Millions of Covid-19 vaccines are on the way to SA in July. Stock photo.
Image: 123RF/S Silver

More than one million doses of J&J Covid-19 vaccine landed in SA on Thursday night and another half a million doses are on the way, acting health minister Mmamoloko Kubayi-Ngubane said on Friday.

The delivery of 1.2m doses must be used up by August 11 and will be used to vaccinate teachers and priority front-line workers. “We are on track to utilise these doses,” she said.

The vaccination of teachers started on Wednesday and nearly 50,000 doses a day are going into their arms.

The acting minister said SA was “waiting for confirmation of another 500,000 doses” of the J&J vaccine.

Pfizer has delivered nearly 4.5m Covid-19 vaccine doses in the second quarter to June, as promised, and has committed to deliver another 2.1m next month.

Kubayi-Ngubane said Pfizer had committed to deliver 15.5m doses in July.

“With this flow of vaccines we will be able to press ahead with the vaccination of front-line workers, sector by sector.

“I want to confirm that we will move on to workplace vaccinations, in the formal and informal sectors like the taxi industry, and we will take guidance on which to prioritise until all workplace vaccinations are completed,” said the acting health minister.

Acting health minister Mmamoloko Kubayi-Ngubane briefed the media on June 25 2021 on SA's vaccination rollout plans.
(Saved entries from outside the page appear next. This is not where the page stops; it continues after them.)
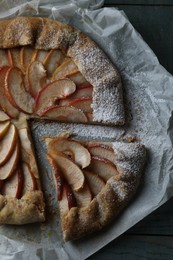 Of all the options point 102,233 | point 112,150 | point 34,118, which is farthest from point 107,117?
point 102,233

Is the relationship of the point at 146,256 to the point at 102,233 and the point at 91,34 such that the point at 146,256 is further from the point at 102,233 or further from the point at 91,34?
the point at 91,34

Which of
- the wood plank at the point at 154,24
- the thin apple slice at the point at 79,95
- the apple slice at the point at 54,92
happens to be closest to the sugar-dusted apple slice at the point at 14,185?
the apple slice at the point at 54,92

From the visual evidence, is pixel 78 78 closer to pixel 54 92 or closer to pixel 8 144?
pixel 54 92

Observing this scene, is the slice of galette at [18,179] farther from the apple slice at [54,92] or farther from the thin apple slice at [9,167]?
the apple slice at [54,92]

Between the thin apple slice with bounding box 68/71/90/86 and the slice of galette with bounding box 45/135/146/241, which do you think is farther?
the thin apple slice with bounding box 68/71/90/86

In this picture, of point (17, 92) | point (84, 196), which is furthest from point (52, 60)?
point (84, 196)

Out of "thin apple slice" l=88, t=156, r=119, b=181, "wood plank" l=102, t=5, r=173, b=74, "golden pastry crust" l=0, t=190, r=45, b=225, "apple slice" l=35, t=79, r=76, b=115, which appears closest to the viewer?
"golden pastry crust" l=0, t=190, r=45, b=225

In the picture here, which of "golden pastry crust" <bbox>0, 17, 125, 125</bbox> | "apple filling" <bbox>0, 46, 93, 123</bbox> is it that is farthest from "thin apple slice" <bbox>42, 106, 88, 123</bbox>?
"golden pastry crust" <bbox>0, 17, 125, 125</bbox>

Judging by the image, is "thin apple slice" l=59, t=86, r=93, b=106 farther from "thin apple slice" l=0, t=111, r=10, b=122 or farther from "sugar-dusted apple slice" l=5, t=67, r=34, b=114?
"thin apple slice" l=0, t=111, r=10, b=122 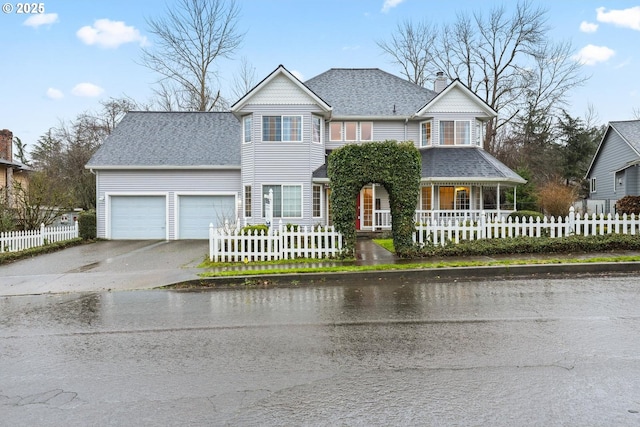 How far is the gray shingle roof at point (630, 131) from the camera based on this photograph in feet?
88.6

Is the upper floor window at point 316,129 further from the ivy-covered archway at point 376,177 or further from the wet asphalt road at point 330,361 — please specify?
the wet asphalt road at point 330,361

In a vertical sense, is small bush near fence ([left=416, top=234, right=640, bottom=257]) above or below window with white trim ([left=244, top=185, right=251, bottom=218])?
below

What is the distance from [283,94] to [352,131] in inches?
174

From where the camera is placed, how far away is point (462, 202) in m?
22.6

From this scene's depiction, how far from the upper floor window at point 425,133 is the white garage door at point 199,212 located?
10.1m

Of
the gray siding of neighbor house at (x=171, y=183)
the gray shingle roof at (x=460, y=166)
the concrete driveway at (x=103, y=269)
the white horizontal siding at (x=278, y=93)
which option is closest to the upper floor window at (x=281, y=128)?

Announcements from the press conference included that registrations for vaccinations would open to over-50s from July 1, that their jabs would begin from July 15 and information was provided on vaccine side effects seen in studies from around the world.

SA is running “three major parallel streams” for the national vaccine rollout which started six weeks ago on May 17.  From now it will be targeting people older than 60, educators and essential workers in key economic sectors.

Deputy director-general Nicholas Crisp said: “The objective of the vaccination is twofold: one is to prevent severe illness and decongest patients going into hospitals and, two, to achieve herd immunity: to get enough people vaccinated and immune to not have the spread of the virus.”

He said the Pfizer pipeline was stable but the J&J pipeline, looking ahead, was yet to be confirmed.

From July 1, SA is opening up vaccine registration to citizens 50 to 59 years old, and these inoculations will begin from July 15.